Closed ishepard closed 4 years ago

ishepard commented 4 years ago

We thank the reviewers for their comments! We updated the replication package to incorporate their feedback.

The new version can be found here: https://doi.org/10.5281/zenodo.3676517

We now answer each question individually:

blind-reviewer-2

I was using a Python virtual environment because I wanted to isolate this test, however, the program does not run if you follow your steps in a virtual environment. Perhaps you should investigate why that is. Replicating code within Python virtual environments is a popular method.

We re-run the experiment using virtualenv and we were able to run it. The commands we used to run it are:

   > virtualenv -p python3 venv
   ...
   Installing setuptools, pip, wheel...done.
   > source venv/bin/activate
   (venv) > pip install -r requirements.txt
   ...
   Successfully installed Flask-1.1.1 Jinja2-2.11.1 MarkupSafe-1.1.1 Werkzeug-1.0.0 click-7.0 itsdangerous-1.1.0 mistune-0.8.4
   (venv) > export FLASK_APP=run.py
   (venv) > flask run
    * Serving Flask app "run.py"
    * Environment: production
      WARNING: This is a development server. Do not use it in a production deployment.
      Use a production WSGI server instead.
    * Debug mode: off
    * Running on http://127.0.0.1:5000/ (Press CTRL+C to quit)

It would be great if you could let us know whether it works for you. Thank you!

There is no explanation how to run the R script for people who have never used R before.

We modified the README.md file with the instructions on how to run the script from the terminal. We also recommend the reader to use RStudio to understand the analysis we did.

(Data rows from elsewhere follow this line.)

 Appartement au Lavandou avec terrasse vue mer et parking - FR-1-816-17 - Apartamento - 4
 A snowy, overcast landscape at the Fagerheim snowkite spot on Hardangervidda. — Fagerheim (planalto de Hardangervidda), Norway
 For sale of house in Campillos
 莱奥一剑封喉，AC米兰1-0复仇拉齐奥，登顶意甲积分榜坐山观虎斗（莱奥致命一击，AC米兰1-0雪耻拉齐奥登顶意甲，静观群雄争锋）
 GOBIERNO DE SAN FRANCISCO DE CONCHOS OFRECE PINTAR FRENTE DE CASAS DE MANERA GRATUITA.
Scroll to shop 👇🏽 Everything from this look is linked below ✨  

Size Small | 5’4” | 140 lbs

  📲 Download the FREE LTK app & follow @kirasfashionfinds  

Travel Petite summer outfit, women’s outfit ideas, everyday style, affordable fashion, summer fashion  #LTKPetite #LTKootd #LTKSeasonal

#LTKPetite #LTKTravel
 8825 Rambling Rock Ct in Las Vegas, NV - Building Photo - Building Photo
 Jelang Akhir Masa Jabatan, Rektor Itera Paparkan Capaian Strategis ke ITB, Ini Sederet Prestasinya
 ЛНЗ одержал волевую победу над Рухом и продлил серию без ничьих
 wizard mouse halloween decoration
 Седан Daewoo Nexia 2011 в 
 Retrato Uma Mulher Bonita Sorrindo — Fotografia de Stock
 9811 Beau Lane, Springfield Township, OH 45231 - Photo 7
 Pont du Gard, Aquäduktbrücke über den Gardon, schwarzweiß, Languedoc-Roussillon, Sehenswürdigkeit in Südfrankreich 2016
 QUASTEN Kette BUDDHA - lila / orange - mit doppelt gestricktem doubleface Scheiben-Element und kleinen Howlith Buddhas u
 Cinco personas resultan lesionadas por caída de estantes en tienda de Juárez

There is no requirements.R file, so the user has to manually install every dependency themselves. For R, this was particularly frustrating. Providing such a file would add a lot of value to this repository.

We modified the beginning of file regression.R so that it starts by checking the presence of the packages necessary to run our script. If they are not there, we automatically install all the missing packages.

gh-artifact-1763

The gist of the paper is participants and code review. However, the replication package did not give a table of participant characteristics i.e. to recreate Fig 2 in the paper, or to allow for replication by excluding certain characteristics like experience. Is there a reason this is omitted (or I missed it ..)?

We modified the file regression.R so that it outputs the plots of Figure 2 as well as saves them automatically in a 3-page pdf called distribution.pdf.

The second aspect is the code itself. I think it is available but buried in the tool's resources directory. To me these are a main replication artifact but currently they seem to be in undocumented text files, notwithstanding they are java code. Is it possible to somehow characterize these examples? I can see a big question being "how representative is the type of code you ask them to review". Currently that question is hard to answer.

In the replication package, we added a directory called code patches/, with inside the 2 Java files that were used in the experiment. For each file, we show the version without bugs as well as the version with the injected bugs and the reviewer's comment that is visible for the treatment groups.